They gave me a group thumbs up and went to work. Shortly they brought over the dishes I had ordered, a large Tiger beer (Tiger beer is yummy), and a fork and spoon set the size of gardening tools. I looked at the utensils. I looked at the guy. He was looking at me, and smiling. I smiled back and said, “Qing, gei wo kuaizi” (Can I have some chopsticks?). He smiled more broadly then, and went and grabbed a pair.
The food was good but could have been warmer. But it was nice outside and the air felt good, the beer was tasty and I was feelin’ grand. There was a table of Japanese businessmen next to me, chatting about the cool weather and their impressions of Singapore. I’m not sure why, but I felt glad when they left. Maybe they were stepping on my fresh Foreign Experience there in the food court, who knows. Some Americans wandered in after a while, probably like myself having just gotten into town. They were dressed in the standard uniform of technology geeks everywhere: khaki dockers, polo shirt shirt (tucked in), proud belly and requisite black leather computer bag with matching shoulder strap. One guy ate noodles while the other one read a computer magazine. We ignored each other.
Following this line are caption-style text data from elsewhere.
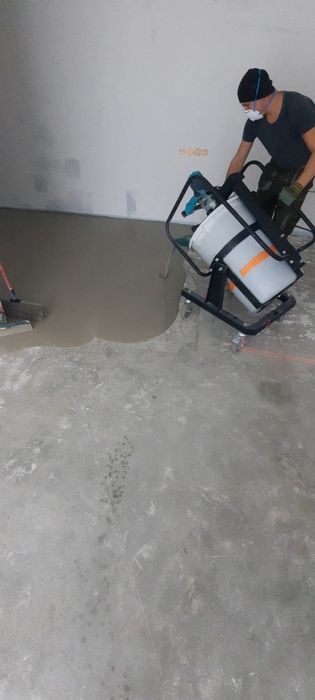 Услуги наливной пола.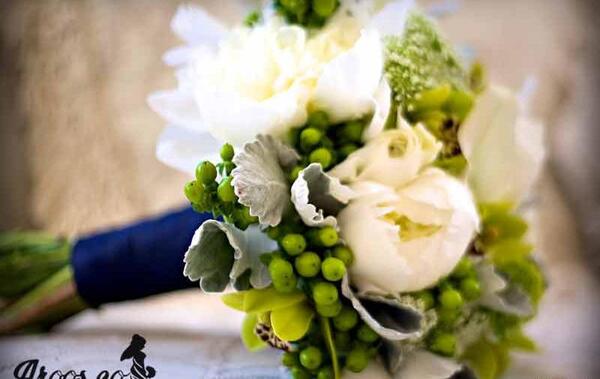 عکس دسته گل عروس کوچک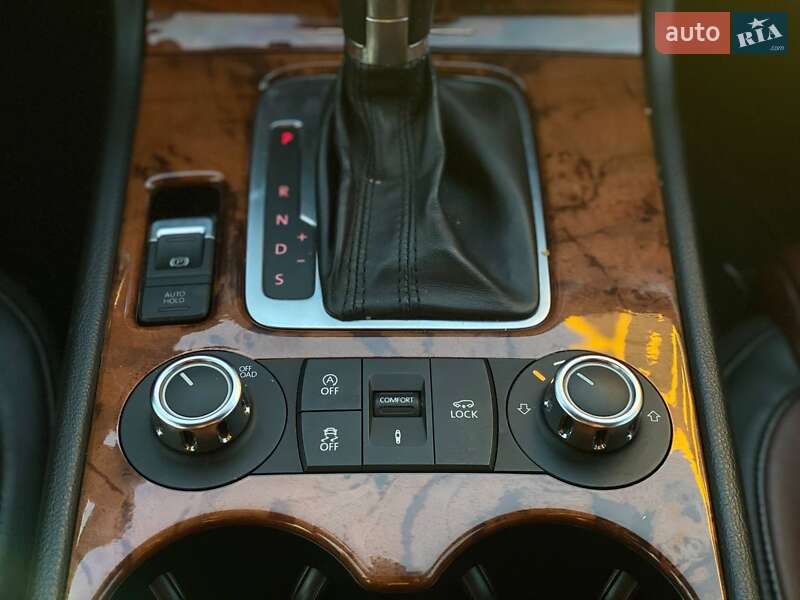 Внедорожник / Кроссовер Volkswagen Touareg 2011 в Львове фото 15 Внедорожник / Кроссовер Volkswagen Touareg 2011 в Львове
I finished eating, smoked a cigarette, and went back to the hotel. Mine was a small room in a small hotel. At my company we seem to prefer frills-free travel, so it’s usually coach seats and No Star accommodations. Too bad for me. The bed, however, was queen-sized and sported a firm mattress. It was the first time I had slept in a “real bed” in many months. Slumber beckoned, I responded instantly.
Friday morning I a breakfast of beans and fried rice with coffee, then left the hotel in search of our office, located some hundreds of meters distant in the well-known shopping mall/office park known as SunTec. It boasts the world’s largest fountain, but on seeing it I had my doubts. I’m guessing they were working from some volume-of-water benchmark or something when they made that lofty claim. SunTec is a huge five-building commercial complex where the buildings are arranged so they form the vertical fingers of a huge, cupped palm. The fountain sits at the center of this, and is supposed to signify a grand, ongoing influx of wealth. Or so I was told. Three times. They said it was a feng sui thing.
At the base of the complex, for maybe three floors, is a large shopping mall. It looks much like shopping malls everywhere, with electronics boutiques, Gap progeny, and designer outlets for labels like Hugo Boss and Armani. I was forced to navigate this gleaming, frenetic commercial maze for nearly twenty minutes before locating the elevators to the towering office space (the fingers) of SunTec.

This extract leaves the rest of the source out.